# cleaning the goat pen



## MamaDee (May 10, 2006)

Hey, all....

How often do you all clean out your pens? We have a 16 x 16 foot pen in side the barn that leads to an outside fenced pasture. We spread new bales of straw on top to keep it clean and dry....but how often should we clean the whole thing out down to the bare rock shavings and start over?

Dee


----------



## Sherrynboo (Mar 19, 2005)

Here in GA in the spring and summer we clean it at least every two weeks. In the winter, we just kind of add more layers with a massive cleanout when temps start getting warm. This stuff is great for the compost pile.

Sherry in Ga


----------



## BlueHeronFarm (Feb 9, 2007)

Because it's warm here we don't use any bedding at all - we rake out the pen every day and use stall dry if it gets pee-stinky. 

We tried the layered bedding this winter and NEVER AGAIN. The clean out is just not worth it.
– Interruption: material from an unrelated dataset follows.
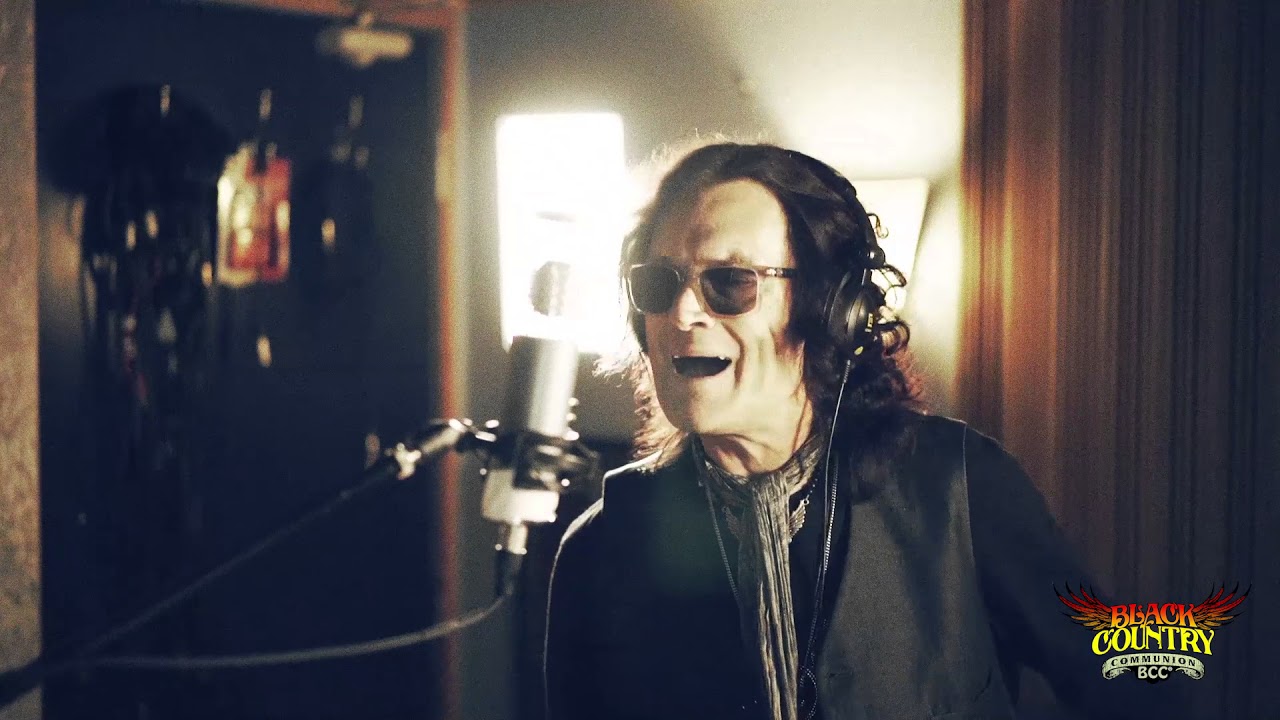 Novo Clip = “Black Country Communion – Over My Head”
My muscles ache from the memory. ...so if you do use bedding, I'd experiment by completely taking out a small area and multiplying that work in your head to see if you want to let it go any deeper.


----------



## MamaDee (May 10, 2006)

<<<Here in GA in the spring and summer we clean it at least every two weeks>>>

How big of an area are you cleaning out every two weeks? That seems like alot of money in straw to clean our 16 x 16 foot pen completely out every two weeks.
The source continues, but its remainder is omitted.